MANILA, Philippines – Credit Suisse has lowered its gross domestic product (GDP) growth forecast for the Philippines to six percent instead of 6.4 percent this year amid the projected weak private consumption and slower exports.

Michael Wan, economist at Credit Suisse, said in the bank’s latest fixed income research titled “Philippines – consumer pains: Turning negative on GDP” that private consumption will moderate further due to an unusually weak labor market.

“We now expect the Philippines’ GDP to surprise on the downside in 2017, which contrasts with our previous positive view on growth,” he said.

Weak private consumption pulled down the GDP growth to 6.4 percent in the first quarter of the year from 6.6 percent in the fourth quarter of last year.

Despite the slowdown, the Cabinet-level Development Budget Coordination Committee decided to retain the GDP growth target at 6.5 percent to 7.5 percent this year.
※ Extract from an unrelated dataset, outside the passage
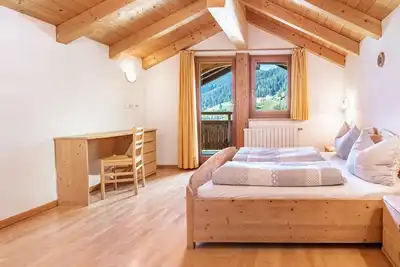 Image de Appartement 'Mansardenwohnung Egart' avec vue sur le lac, balcon et Wi-Fi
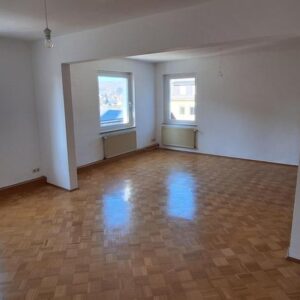 schöne Wohnung im sanierten Altbau Nähe Oberstadt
Wan said employment growth has declined sharply over the past two quarters as a significant number of workers dropped out of the labor force amid the uncertainty in the lead-up to “endo,” weak government spending year-to-date and the K-to-12 education reform.

He said growth in private consumption is expected to moderate further to 5.7 percent instead of 6.5 percent for this year amid the negative impact of a weaker labor market.

Likewise, he added, exports are likely to moderate in the second half while fixed investment is unlikely to accelerate as the implementation of big-ticket public infrastructure projects would remain disappointing.

Wan said government spending slowed significantly to 1.9 percent in the first quarter of the year from 15 percent in the fourth quarter last year due to base effects from election related front-loading.

Credit Suisse sees investments growing 10.5 percent this year from a high base of 25 percent last year as it remained quite robust at 12 percent in the first quarter from 19 percent in the fourth quarter.

“We do not expect other items in GDP to offset weaker private consumption,” Wan said.

Due to the lower GDP growth projection, the economist said Credit Suisse now expects the Bangko Sentral ng Pilipinas (BSP) to keep interest rates steady for the rest of the year.

“With GDP likely slowing further from here and private consumption looking less robust, we now expect the central bank to keep rates on hold in 2017 from our previous forecast of one hike in the second half of 2017,” he added.

The BSP’s Monetary Board has managed to keep an accommodative policy stance on the back of robust domestic demand and the benign inflation environment. It last raised interest rates by 25 basis points in September 2014 despite external shocks such as the decision of United Kingdom to leave the European Union and the normalization of interest rates by the US.